◆ **DATA FOR THIS TASK**
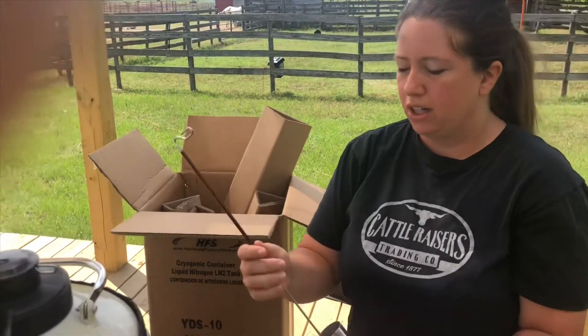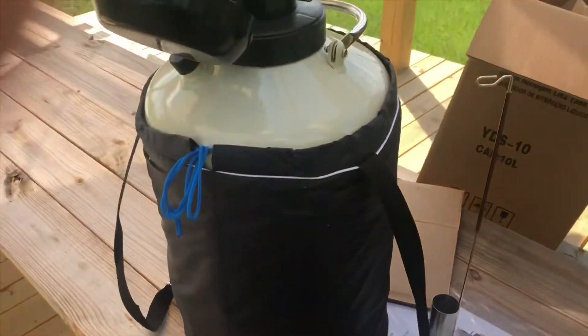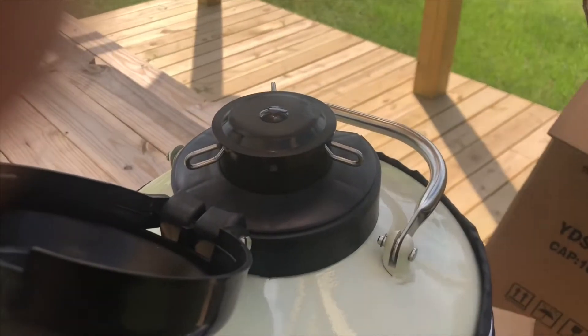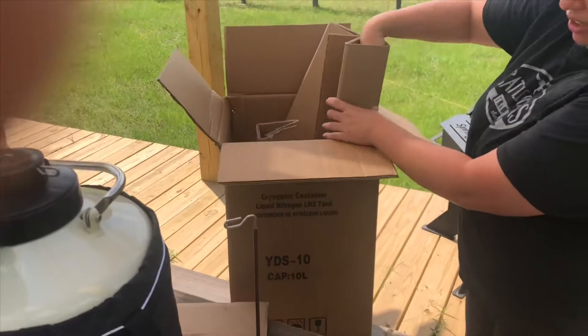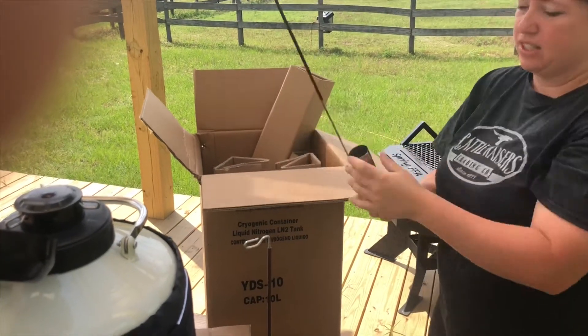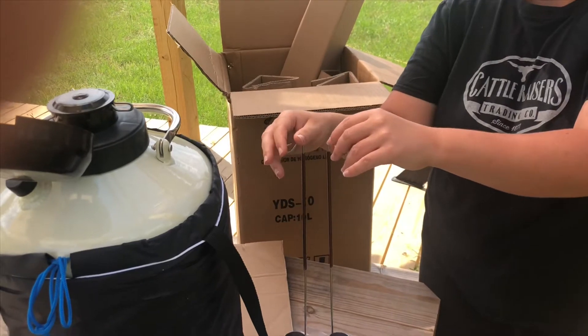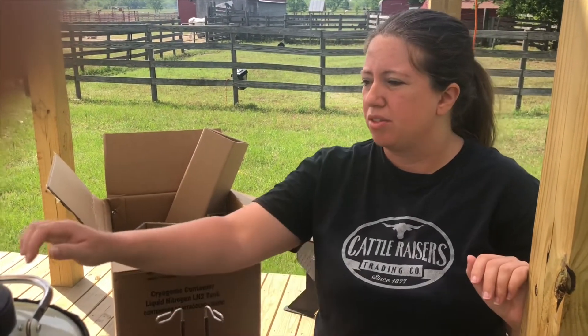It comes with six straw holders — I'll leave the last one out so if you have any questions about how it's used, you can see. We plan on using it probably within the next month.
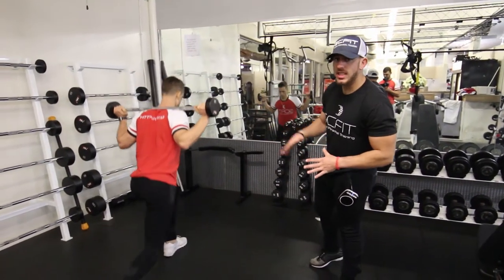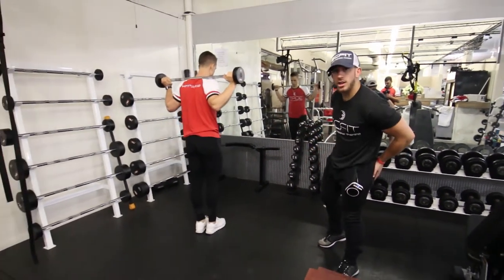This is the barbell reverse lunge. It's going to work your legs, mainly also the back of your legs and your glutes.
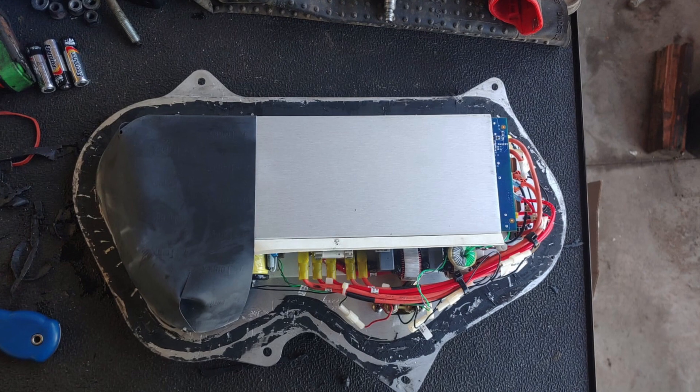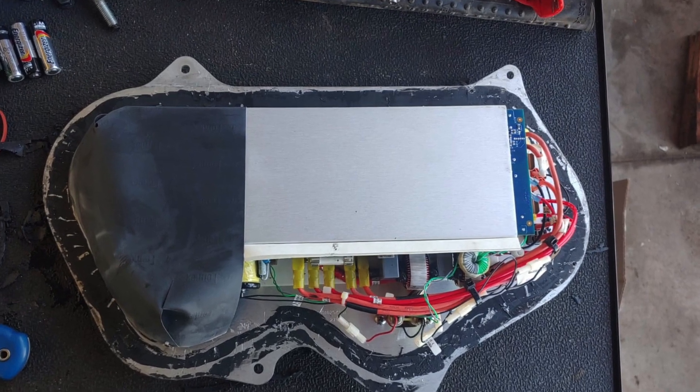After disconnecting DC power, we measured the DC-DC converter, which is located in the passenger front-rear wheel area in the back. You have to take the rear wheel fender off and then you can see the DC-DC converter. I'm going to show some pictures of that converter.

---

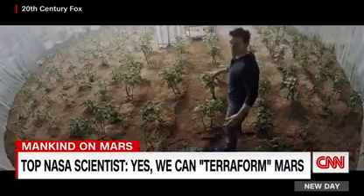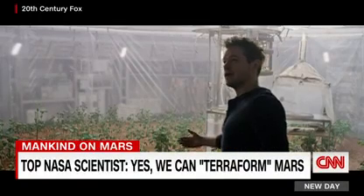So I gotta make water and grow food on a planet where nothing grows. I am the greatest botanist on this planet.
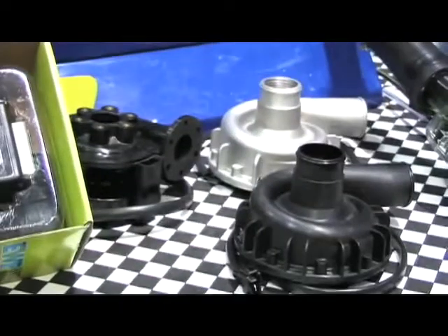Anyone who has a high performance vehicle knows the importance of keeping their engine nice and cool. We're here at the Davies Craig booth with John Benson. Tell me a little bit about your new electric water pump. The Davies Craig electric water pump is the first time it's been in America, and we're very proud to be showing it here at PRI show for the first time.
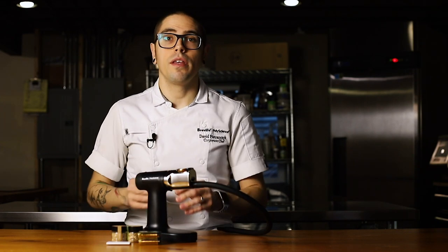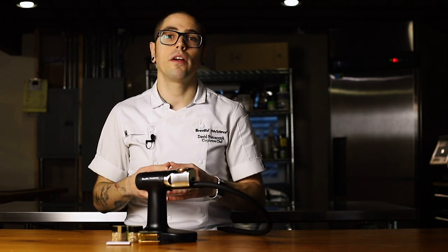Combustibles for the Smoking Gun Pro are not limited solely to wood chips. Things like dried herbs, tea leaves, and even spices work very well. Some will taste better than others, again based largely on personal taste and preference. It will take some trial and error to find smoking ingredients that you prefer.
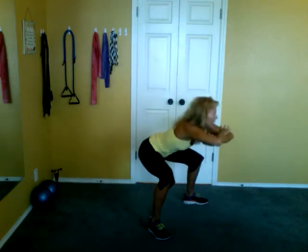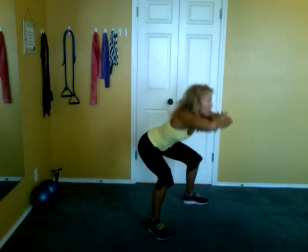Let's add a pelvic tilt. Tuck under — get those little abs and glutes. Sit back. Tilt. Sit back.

◆ **ACTIVITY**
Copy word for word the lines above, starting at the line containing "It comes with" and ending at the line containing "This is the", inclusive, with no pictures.

◆ **REPLY TO THE EXERCISE**
It comes with six straw holders — I'll leave the last one out so if you have any questions about how it's used, you can see. We plan on using it probably within the next month.
This is the barbell reverse lunge. It's going to work your legs, mainly also the back of your legs and your glutes.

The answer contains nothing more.